Guidelines and rules for GetHashCode

The code is more what you’d call guidelines than actual rules” – truer words were never spoken. It’s important when writing code to understand what are vague “guidelines” that should be followed but can be broken or fudged, and what are crisp “rules” that have serious negative consequences for correctness and robustness. I often get questions about the rules and guidelines for GetHashCode, so I thought I might summarize them here.

What is GetHashCode used for?

It is by design useful for only one thing: putting an object in a hash table. Hence the name.

Why do we have this method on Object in the first place?

It makes perfect sense that every object in the type system should provide a GetType method; data’s ability to describe itself is a key feature of the CLR type system. And it makes sense that every object should have a ToString, so that it is able to print out a representation of itself as a string, for debugging purposes. It seems plausible that objects should be able to compare themselves to other objects for equality. But why should it be the case that every object should be able to hash itself for insertion into a hash table? Seems like an odd thing to require every object to be able to do.
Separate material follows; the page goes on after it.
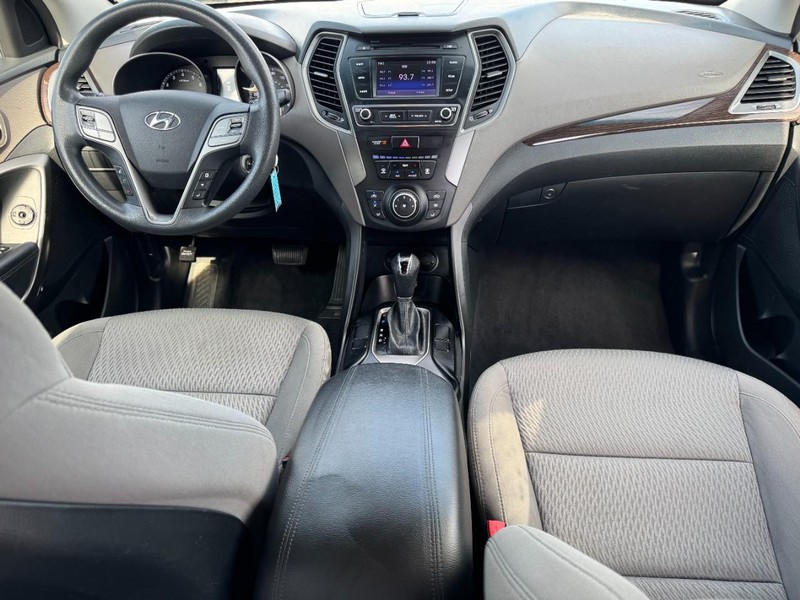 Hyundai Santa Fe Sport Vehicle Image 11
I think if we were redesigning the type system from scratch today, hashing might be done differently, perhaps with an IHashable interface. But when the CLR type system was designed there were no generic types and therefore a general-purpose hash table needed to be able to store any object.

How do hash tables and similar data structures use GetHashCode?
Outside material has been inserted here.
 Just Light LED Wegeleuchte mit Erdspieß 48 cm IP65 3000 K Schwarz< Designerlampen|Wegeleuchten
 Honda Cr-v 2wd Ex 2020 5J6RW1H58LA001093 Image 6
Consider a “set” abstract data type. Though there are many operations you might want to perform on a set, the two basic ones are insert a new item into the set, and check to see whether a given item is in the set. We would like these operations to be fast even if the set is large. Consider, for example, using a list as an implementation detail of a set:

class Set
{
  private List list = new List();
  public void Insert(T item)
  {
    if (!Contains(t))
      list.Add(item);
  }
  public bool Contains(T item)
  {
    foreach(T member in list)
      if (member.Equals(item))
        return true;
    return false;
  }
}

(I’ve omitted any error checking throughout this article; we probably want to make sure that the item is not null. We probably want to implement some interfaces, and so on. I’m keeping things simple so that we concentrate on the hashing part.)

The test for containment here is linear; if there are ten thousand items in the list then we have to look at all ten thousand of them to determine that the object is not in the list. This does not scale well.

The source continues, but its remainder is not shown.